- _The task_:
Transcribe only what runs from the line containing "Portekizli Seyyahlar" through the final line below, exactly, and leave every picture out.

___ Extracted entries

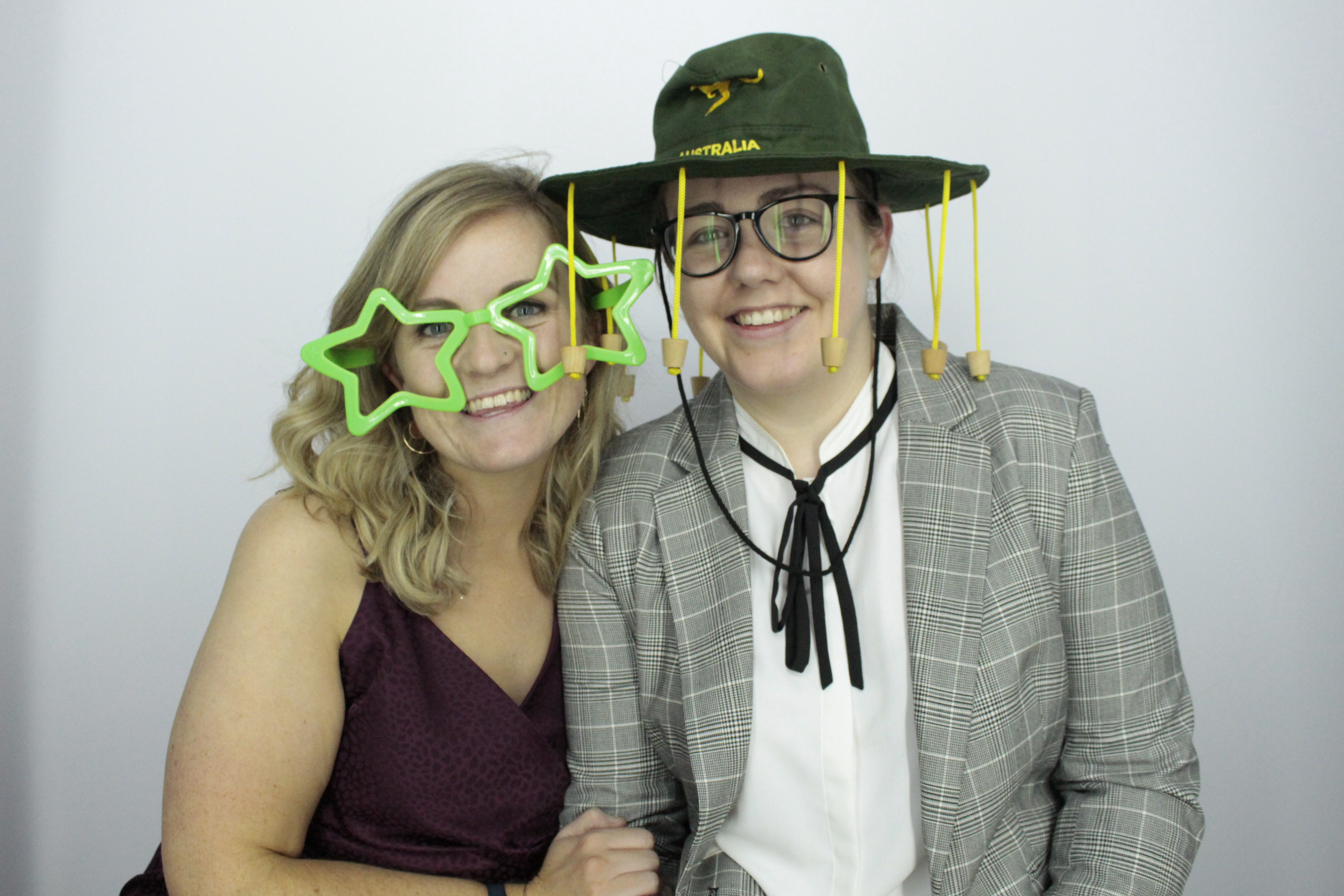 Lucy and Will's Wedding | View more photos from the event at gallery.myphotoboothexperience.co.uk/u/MyPhotoBoothExperienceLtd/Lucy-and-Wills-Wedding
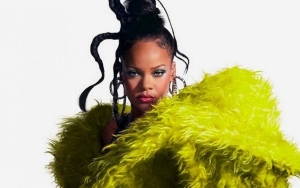 Rihanna Kept Pregnancy Secret Even From Her Dad to Avoid News Leak Before Super Bowl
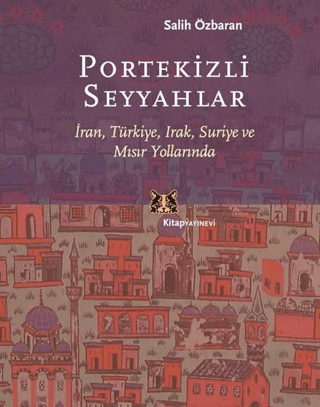 Portekizli Seyyahlar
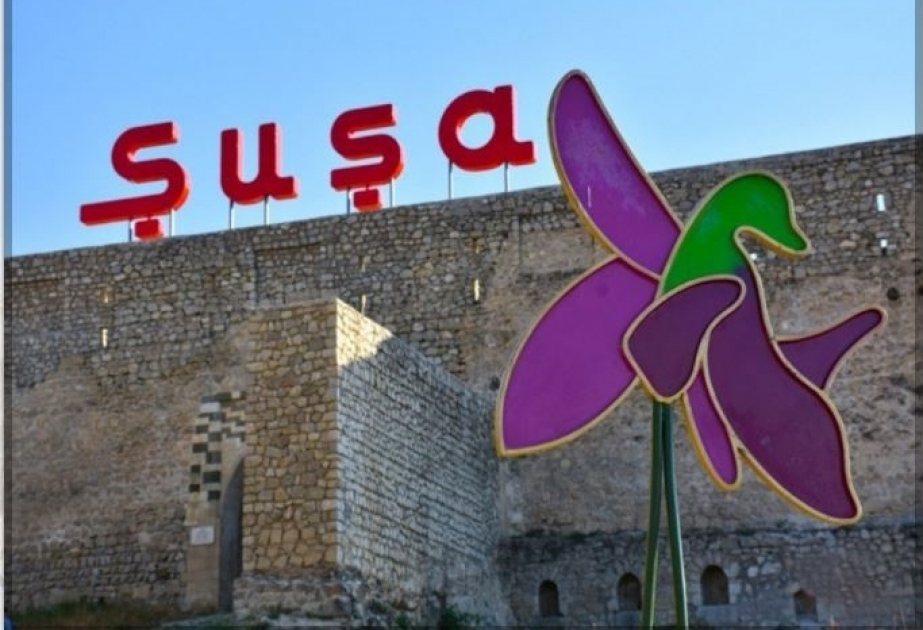 Milli Kitabxanada “Şuşa” adlı virtual sərgi onlayn rejimdə istifadəçilərə təqdim olunub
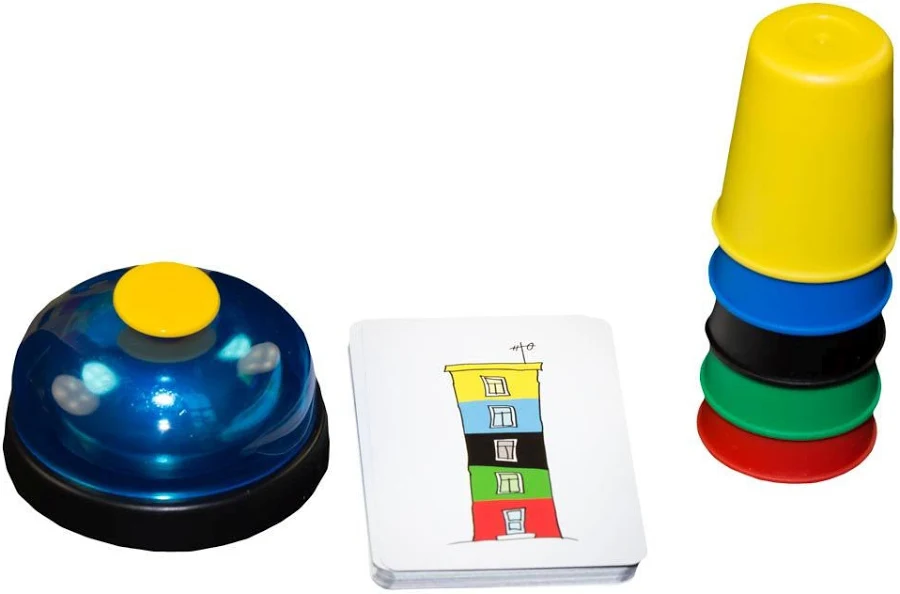 Speed Cups | Juego de Habilidad y Reflejos - Imagen 3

______

- _Answer to this problem_:
 Portekizli Seyyahlar
 Milli Kitabxanada “Şuşa” adlı virtual sərgi onlayn rejimdə istifadəçilərə təqdim olunub
 Speed Cups | Juego de Habilidad y Reflejos - Imagen 3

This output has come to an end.